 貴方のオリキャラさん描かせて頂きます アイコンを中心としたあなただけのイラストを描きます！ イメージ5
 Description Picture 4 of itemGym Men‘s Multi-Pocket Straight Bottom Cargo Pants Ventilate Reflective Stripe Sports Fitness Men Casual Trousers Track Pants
····················
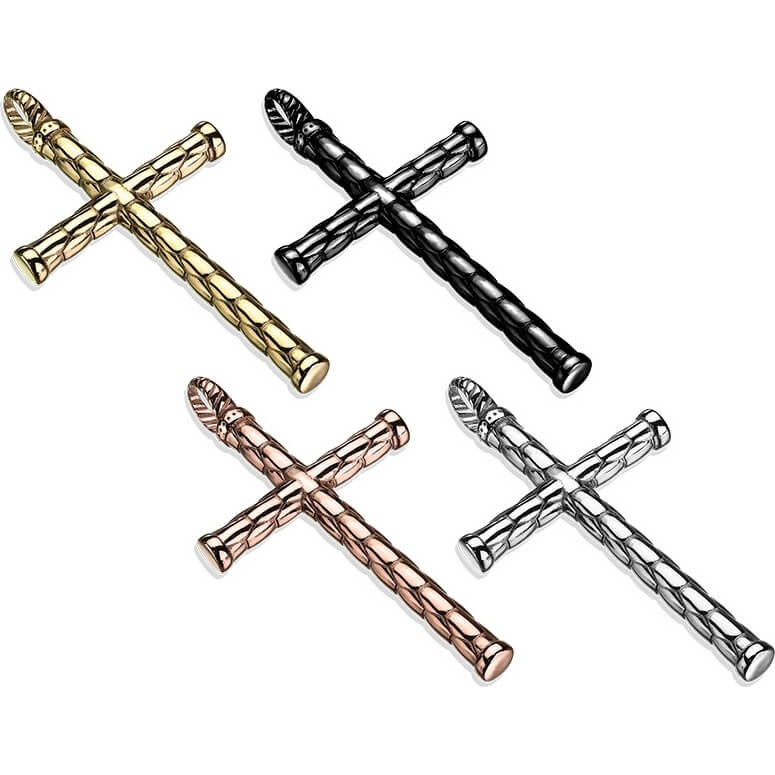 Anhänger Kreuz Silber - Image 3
····················
### About this task
In the listing above, the lines from the one containing "貴方のオリキャラさん描かせて頂きます アイコンを中心としたあなただけのイラストを描きます！ イメージ5" through the one containing "Description Picture 4" must be set down exactly, with no other lines.

### Problem solution
 貴方のオリキャラさん描かせて頂きます アイコンを中心としたあなただけのイラストを描きます！ イメージ5
 Description Picture 4 of itemGym Men‘s Multi-Pocket Straight Bottom Cargo Pants Ventilate Reflective Stripe Sports Fitness Men Casual Trousers Track Pants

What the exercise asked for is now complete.